START GIVEN MATERIAL

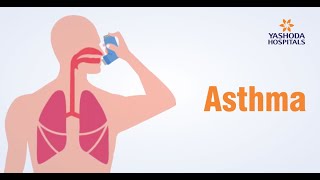 Asthma Symptoms amp Precautions amp Causes Bronchial Thermoplasty [upl. by Lester857]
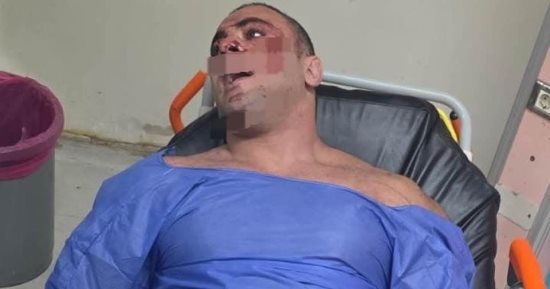 حبس المتهم بإصابة مدير صالة جيم بطلق نارى فى الشيخ زايد 4 أيام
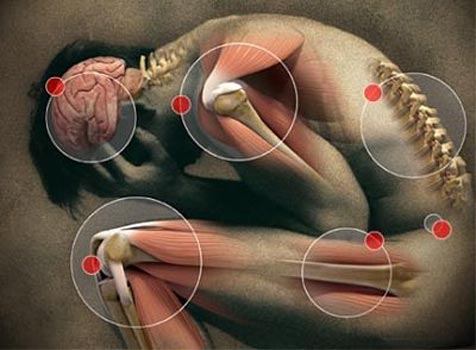 Nasce anche a Ragusa la sezione dell’associazione italiana sindrome fibromialgica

END GIVEN MATERIAL

### [PROBLEM TO SOLVE]
Exact copy required, pictures excluded: the lines from the one holding "حبس المتهم بإصابة" through the last line of the data, both ends included.

### [ANSWER]
 حبس المتهم بإصابة مدير صالة جيم بطلق نارى فى الشيخ زايد 4 أيام
 Nasce anche a Ragusa la sezione dell’associazione italiana sindrome fibromialgica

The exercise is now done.